Pictures aside, every line of the listing should be given again exactly.

- [Collected material]:
····················

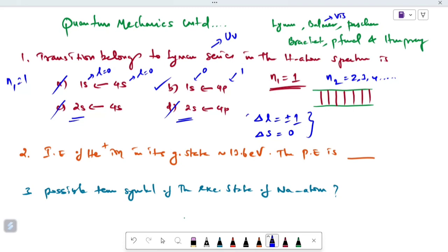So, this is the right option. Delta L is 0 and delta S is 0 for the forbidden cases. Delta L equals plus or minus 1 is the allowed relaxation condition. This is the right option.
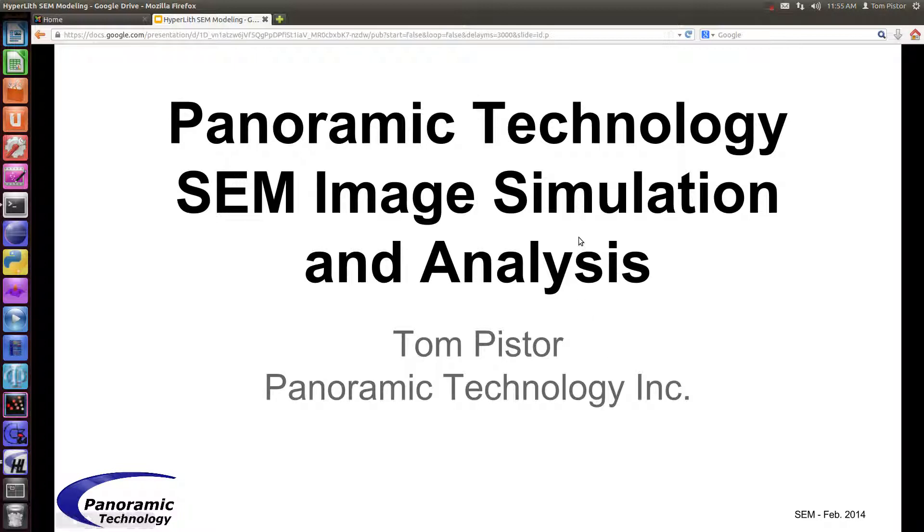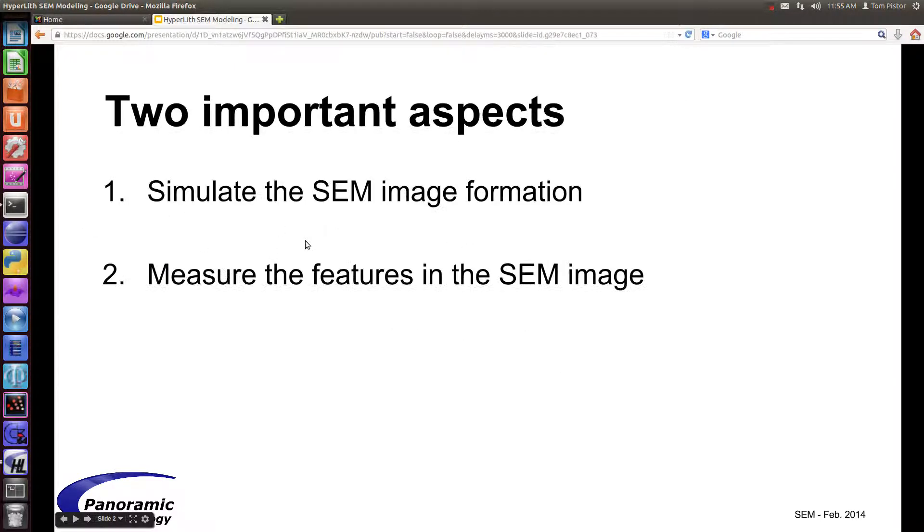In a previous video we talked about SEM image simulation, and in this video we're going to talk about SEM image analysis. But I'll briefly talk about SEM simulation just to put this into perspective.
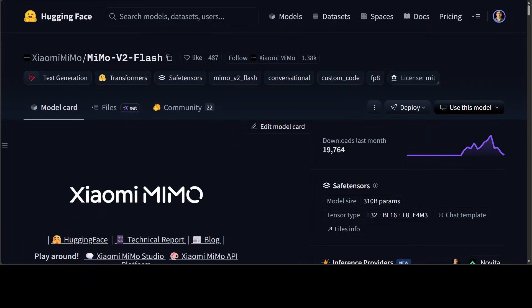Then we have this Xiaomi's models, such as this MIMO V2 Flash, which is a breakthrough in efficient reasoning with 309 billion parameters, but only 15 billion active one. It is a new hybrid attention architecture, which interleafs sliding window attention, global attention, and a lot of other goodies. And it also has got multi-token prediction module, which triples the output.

····················

- [Finished exercise]:
So, this is the right option. Delta L is 0 and delta S is 0 for the forbidden cases. Delta L equals plus or minus 1 is the allowed relaxation condition. This is the right option.
In a previous video we talked about SEM image simulation, and in this video we're going to talk about SEM image analysis. But I'll briefly talk about SEM simulation just to put this into perspective.
Then we have this Xiaomi's models, such as this MIMO V2 Flash, which is a breakthrough in efficient reasoning with 309 billion parameters, but only 15 billion active one. It is a new hybrid attention architecture, which interleafs sliding window attention, global attention, and a lot of other goodies. And it also has got multi-token prediction module, which triples the output.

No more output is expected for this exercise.